Aber am Anfang der Arbeit stehe nicht die Technik, sondern die Philosophie: „Wir wollen mit diesem Werk einen bestimmten Gegenwartsgeist einfangen“, erklärt Berheide. Stebbins wird konkreter: „Die Vergangenheit, so wie wir sie bisher kannten, scheint heute zu verschwinden.“Ihre Theorie: Das digitale Zeitalter bringt Chaos in unsere Wahrnehmung von Zeit und Raum. Der Mensch lebte bisher in seiner Gegenwart, hier und jetzt. Hinter ihm lag schon eine abgeschlossene Vergangenheit – „und vor ihm eine Zukunft, mit dem Versprechen: Das wird meine
Welt, die gestalte ich“. Aber heute schwappt die Vergangenheit immer wieder in die Gegenwart, in Wellen von Videos, Sounds, Pixeln, in vorgegaukelten Erinnerungen. Habe ich diesen alten Film damals im Kino gesehen? Wie habe ich den Mauerfall erlebt? Den 11. September? Diese Limonaden-Werbung aus den 60er-Jahren – warum kommt sie mir so bekannt vor? Stebbins sucht nach Worten für dieses Gefühl: „Ein Kollege hat das so formuliert: Ich lebe in einem Brei ohne Zeit und Raum.“
Berheide findet: „Unsere Zeit ist geprägt von einem Mangel an Geschichtsbewusstsein. An historischer Analyse. Da werden Dinge gleichgesetzt, die nicht gleich sind.“Und was bleibt noch von diesem Wunsch, die Welt zu gestalten? Klimakatastrophe. Artensterben.

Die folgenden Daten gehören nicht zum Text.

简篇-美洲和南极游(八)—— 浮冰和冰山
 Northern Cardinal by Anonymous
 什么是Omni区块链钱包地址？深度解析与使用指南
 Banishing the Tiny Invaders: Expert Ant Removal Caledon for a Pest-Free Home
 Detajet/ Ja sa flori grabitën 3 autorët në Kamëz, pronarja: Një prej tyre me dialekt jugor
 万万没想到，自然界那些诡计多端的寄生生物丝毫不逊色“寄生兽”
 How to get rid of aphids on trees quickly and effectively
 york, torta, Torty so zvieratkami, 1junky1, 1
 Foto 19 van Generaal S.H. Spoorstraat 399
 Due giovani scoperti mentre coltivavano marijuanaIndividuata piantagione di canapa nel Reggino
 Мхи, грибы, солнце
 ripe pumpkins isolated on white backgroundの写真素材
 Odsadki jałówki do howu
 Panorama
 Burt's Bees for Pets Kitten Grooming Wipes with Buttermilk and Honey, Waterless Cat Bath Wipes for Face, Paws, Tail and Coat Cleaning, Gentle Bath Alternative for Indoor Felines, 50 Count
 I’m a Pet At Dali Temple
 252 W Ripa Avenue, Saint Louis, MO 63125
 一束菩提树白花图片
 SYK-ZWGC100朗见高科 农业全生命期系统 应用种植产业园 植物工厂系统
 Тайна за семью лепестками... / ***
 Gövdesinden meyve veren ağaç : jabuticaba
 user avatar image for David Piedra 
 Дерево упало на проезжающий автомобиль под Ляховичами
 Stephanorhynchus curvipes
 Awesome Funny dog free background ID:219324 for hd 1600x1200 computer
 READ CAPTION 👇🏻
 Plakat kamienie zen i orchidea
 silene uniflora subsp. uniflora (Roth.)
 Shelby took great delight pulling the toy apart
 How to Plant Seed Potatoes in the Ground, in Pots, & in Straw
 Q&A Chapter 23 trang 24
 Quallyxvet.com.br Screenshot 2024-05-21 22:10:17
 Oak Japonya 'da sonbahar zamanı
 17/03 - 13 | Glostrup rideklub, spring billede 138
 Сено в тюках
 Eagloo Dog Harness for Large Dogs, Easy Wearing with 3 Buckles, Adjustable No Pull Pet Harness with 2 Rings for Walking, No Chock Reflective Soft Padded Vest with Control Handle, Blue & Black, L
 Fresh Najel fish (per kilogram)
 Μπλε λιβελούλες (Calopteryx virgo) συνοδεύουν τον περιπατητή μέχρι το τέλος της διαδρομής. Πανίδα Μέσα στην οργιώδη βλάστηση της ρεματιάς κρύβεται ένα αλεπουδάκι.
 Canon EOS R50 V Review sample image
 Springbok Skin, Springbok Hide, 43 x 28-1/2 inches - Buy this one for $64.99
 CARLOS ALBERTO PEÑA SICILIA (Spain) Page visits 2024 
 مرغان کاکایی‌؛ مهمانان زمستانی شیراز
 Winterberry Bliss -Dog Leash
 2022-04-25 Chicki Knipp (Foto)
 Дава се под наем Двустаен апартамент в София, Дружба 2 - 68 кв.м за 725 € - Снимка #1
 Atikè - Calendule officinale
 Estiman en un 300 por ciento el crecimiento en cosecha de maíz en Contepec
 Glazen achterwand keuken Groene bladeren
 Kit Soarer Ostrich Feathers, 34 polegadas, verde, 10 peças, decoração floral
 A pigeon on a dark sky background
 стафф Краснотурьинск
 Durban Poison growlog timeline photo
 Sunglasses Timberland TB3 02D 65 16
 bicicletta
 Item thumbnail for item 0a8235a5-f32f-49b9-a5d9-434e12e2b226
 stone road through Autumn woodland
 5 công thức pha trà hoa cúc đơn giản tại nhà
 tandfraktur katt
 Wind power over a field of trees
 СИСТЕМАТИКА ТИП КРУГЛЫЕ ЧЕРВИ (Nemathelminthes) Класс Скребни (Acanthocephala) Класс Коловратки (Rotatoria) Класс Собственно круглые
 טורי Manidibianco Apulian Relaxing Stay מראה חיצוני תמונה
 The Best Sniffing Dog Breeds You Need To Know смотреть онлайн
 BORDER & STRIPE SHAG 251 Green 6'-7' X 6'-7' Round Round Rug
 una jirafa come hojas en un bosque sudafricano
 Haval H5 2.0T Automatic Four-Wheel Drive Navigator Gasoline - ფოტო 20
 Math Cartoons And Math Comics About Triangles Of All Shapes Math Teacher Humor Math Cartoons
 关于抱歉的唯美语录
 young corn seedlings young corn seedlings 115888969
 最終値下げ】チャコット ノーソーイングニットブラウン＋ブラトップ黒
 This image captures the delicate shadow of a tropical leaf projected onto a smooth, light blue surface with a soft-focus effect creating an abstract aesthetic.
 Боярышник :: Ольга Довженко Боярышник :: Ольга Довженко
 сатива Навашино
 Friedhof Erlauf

Atomare Bedrohung. Was kann man in dieser Szenerie schon gestalten wollen. Ja, Berheide und Stebbins räumen ein, dass die Apokalypse immer wieder ein Motiv ist in ihren Gemeinschaftswerken. In „C:\> title Labyrinth“wollen sie aber weder Hoffnungen zerstören – noch Problemlösungen servieren. „Das ist nicht unsere Aufgabe“, findet Stebbins. „Das Werk ist auch vielmehr ein musiktheatrales Gedicht“, sagt Berheide. Oder auch: eine Oper aus der ErfinderWerkstatt. Mit dem 3-D-Drucker hat das Team hinter den Kulissen neue Musikinstrumente gebaut. Auch alte Sprungfedern und Blechwannen werden zum Klangkörper, aus allen Ecken des Raumes klingt es, dort spielen Mitglieder der Augsburger Philharmoniker nicht nur Cello oder Posaune.
Hören bleibt für Berheide ein sinnlicher Akt, ein körperlicher – auch im digitalen Zeitalter. „Die Klänge, die uns morgens wecken, sind heute synthetisch-künstlich. Und somit entkörperlicht. In diesem Werk will ich die Klänge wieder ins Analoge zurückholen.“So tröpfelt die Realität in die digitale Oper. Und das darf man wörtlich nehmen: „Wir haben da etwas erfunden“, erklärt Stebbins, „wir nennen es: die Drei-Plopp-Maschine.“Denn die Schale dieser Computer-Kulisse hat ein Leck. Ist Gott ein schlechter Programmierer? Oder der Mensch der Programmierer der Welt? Die Welt bleibt labyrinthisch.
Info: „C:\> title Labyrinth“, Uraufführung am Freitag, 22. März, um 19.30 Uhr im Kühlergebäude des Gaswerks bei der Brechtbühne.